You also see the trickle-down effect in the format of classroom and district-level assessments. I’ve noticed that some teachers and school and district leaders are unwilling to use assessments during the school year that diverge too much from the format of items on the state summative assessment, which can lead to an atomization of content and low-level or procedural thinking. Since test questions, particularly in mathematics, tend to focus on discrete content from a single standard, focusing on this form of assessment tends to result in classroom teaching and learning following suit, with few opportunities to integrate learning across multiple standards. 

Resisting Test Culture, Protecting Formative Assessment Practices

How can teachers and education leaders protect formative strategies from the influence of accountability test culture?

Define your vision of teaching and learning. To do this, you need a disciplinary perspective on learning. What does it mean to think and act like a mathematician, scientist, writer, or historian? These disciplinary ways of thinking rarely, if ever, require responding to multiple-choice questions. Understanding that the ultimate outcomes from school are not measured just by test results must affect how we think about the kinds of messy, authentic learning opportunities that will produce those outcomes. 

Embrace the spirit of formative assessment. Those messy, authentic learning experiences lend themselves directly to formative practices. Engaging students in learning experiences that help to learn disciplinary ways of knowing and doing (or having access to high quality curricula that do this so that teachers don’t have to continually reinvent the wheel) requires the use of formative assessment to help students understand where learning is going, to help both students and teachers understand how students are progressing in that learning and to identify what will help them continue to progress. 

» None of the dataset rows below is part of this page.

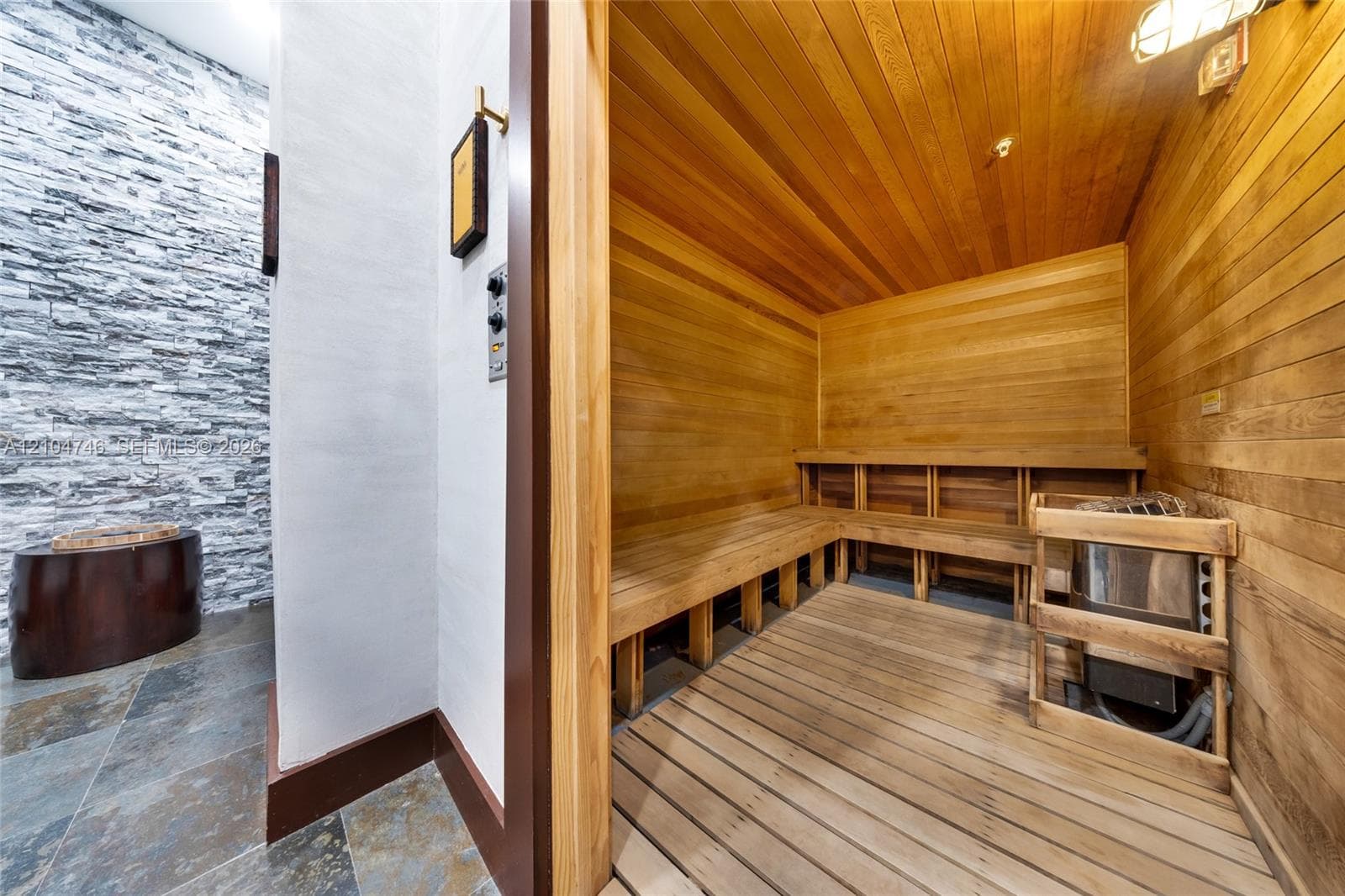 Direct oceanfront access featuring a white sand beach and expansive shoreline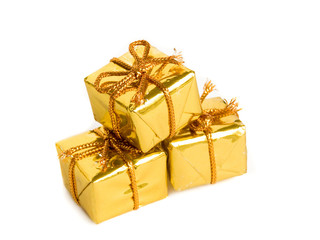Small golden gifts, isolated over white.
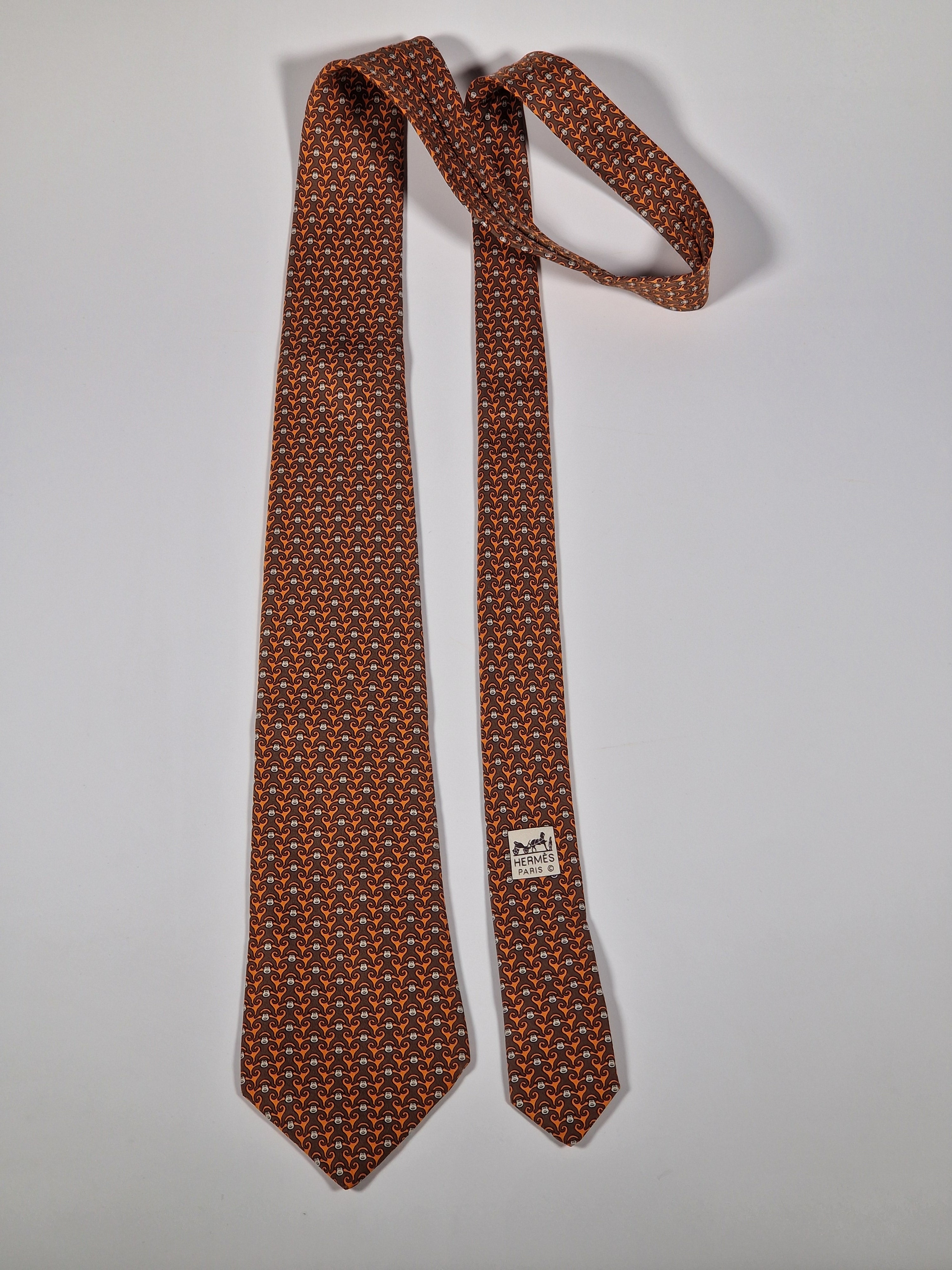 Hermès silk tie orange and brown monkey pattern 5384 oa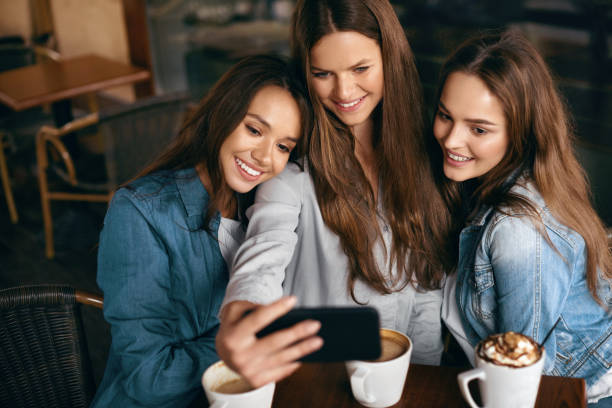 istock Friends Having Fun, Taking Photos In Cafe. 972621000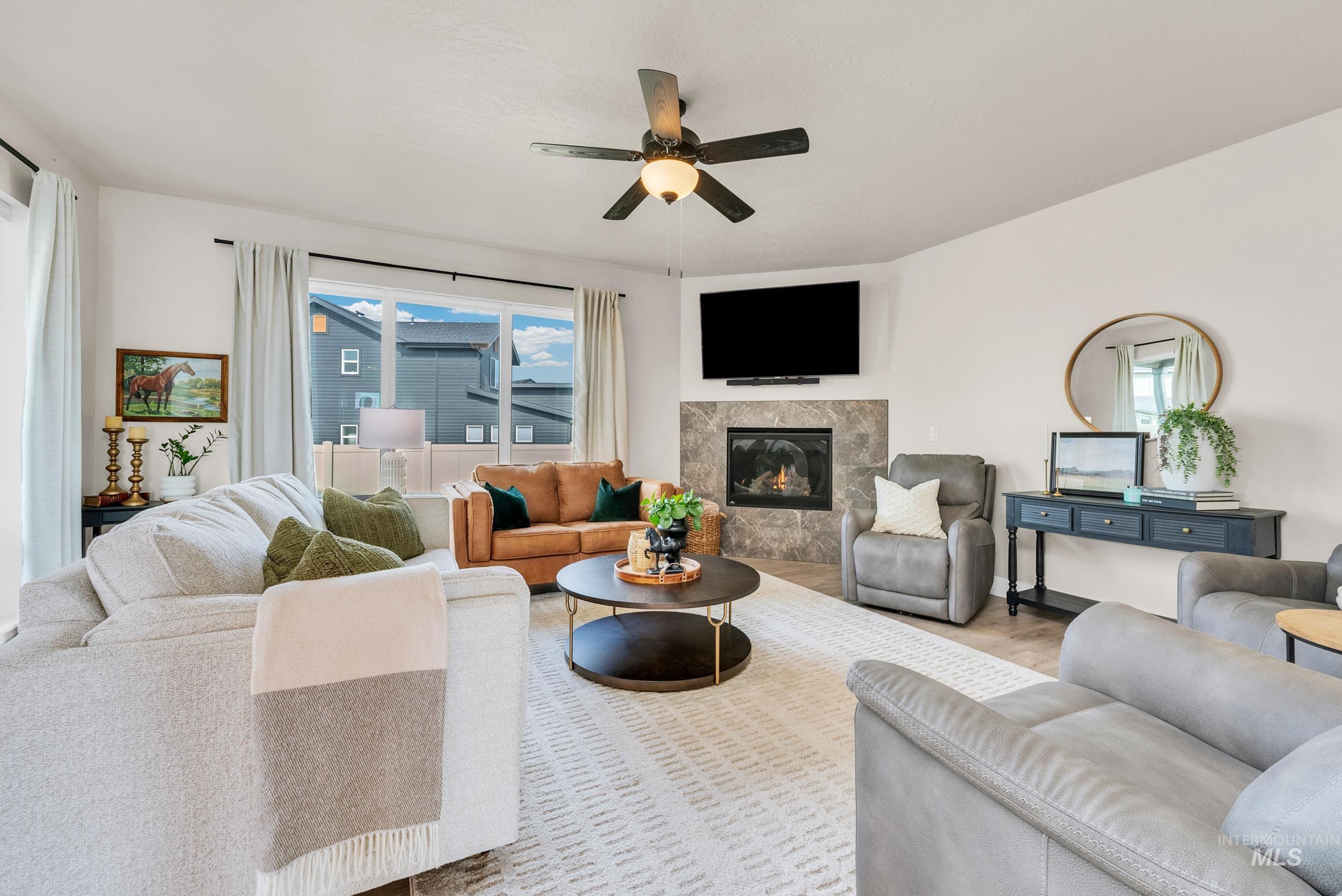 Living area featuring a premium fireplace, a ceiling fan, and wood finished floors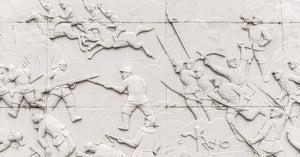 Carved battle scene with soldiers, horses and flags at Jinshanling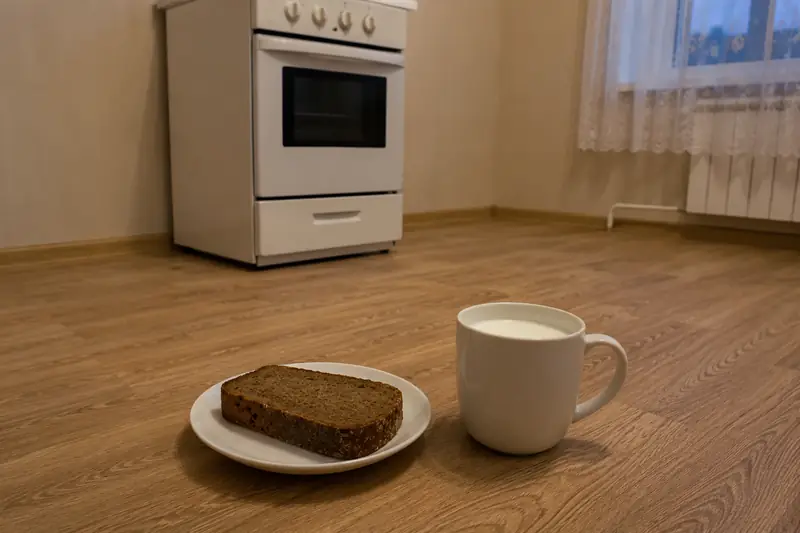 Небольшое простое блюдце с куском чёрного ржаного хлеба и обычная белая чашка с молоком на полу у плиты в пустой новой кухне при тёплом вечернем свете — новоселье и угощение домовому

A group of teachers I worked with developed a habit of asking each other, “What’s formative about that?” It was a great way of reminding themselves to make sure that new classroom strategies really did align to the spirit of formative assessment rather than just the letter. 

But perhaps we need to add a couple additional questions to help us stay focused on the nature of the learning. Maybe one is something like this: “Does this learning activity help students become better mathematicians, scientists, writers, or historians?” And the other is this: “Was I able to use students’ responses to give them useful, formative feedback that helps them deepen their learning?”

Insulate the classroom as much as possible. Trends and patterns in state test results can be used to monitor and evaluate educational outcomes, contribute to program evaluation, and inform resource allocation. All important things, but they cannot inform day-to-day instruction. School and district leaders need to be vocal in reminding teachers about that. They must keep the vision of disciplinary learning at the foreground in school and avoid things that put an undue emphasis on the state tests such as testing pep rallies or test prep boot camps. 

Make it a collective effort. While individual teachers can perhaps do these things on their own, they shouldn’t have to. Formative assessment is much more likely to be sustained when it is championed by school and district leaders who lead the work on defining a vision of teaching and learning, protect teacher collaboration time and support meaningful classroom assessment practices. 

This is hard work. And there are fewer systemic examples of truly balanced assessment systems than I care to admit. Creating them will require attention at all levels about what it means to have a learning-centered assessment system, along with discussions about visions of what teaching and learning should look like. 

These visions need to be developed locally, grounded in culturally relevant pedagogy and the latest research on how students learn, independent of accountability assessments. Accountability assessments also need to be designed to support these visions of teaching and learning rather than distorting the vision to support the assessment.